Legendary sports bettor Billy Walters to appear on 60 Minutes

Pure poker companies like PokerStars and Full Tilt have been spending a small fortune lobbying the US federal government, trying to make the argument that their particular form of gambling is based more on skill than on chance. These companies offer up legal opinions bolstering this skill argument. As such, they feel the game should be viewed more favorably than other forms of gambling. Specifically, they want banks, credit card processors and the Dept. of Justice to treat them like any other business.

billy-walters-60-minutesThere’s nothing inherently dishonest about the pure poker companies’ argument.
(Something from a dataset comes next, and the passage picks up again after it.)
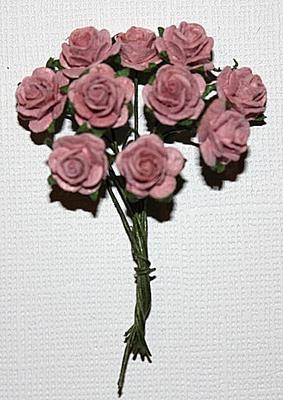 10st Small Paper Roses light dusty pink ca 1cm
Poker is largely a game of skill. It’s why there’s such a thing as a poker professional. You can make a living – often a very good living – playing poker as an occupation. But that doesn’t make poker unique in the world of gambling. Far from it.

Sports betting is heavily dependent on skill, as evidenced by the people who have made careers out of wagering on athletic contests. The most celebrated of these, Billy Walters, is scheduled to appear on this Sunday’s 60 Minutes. After ducking producers for two decades, CBS correspondent Lara Logan managed to track down the man Las Vegas odds makers refer to as “the most dangerous sports bettor in the history of Nevada.”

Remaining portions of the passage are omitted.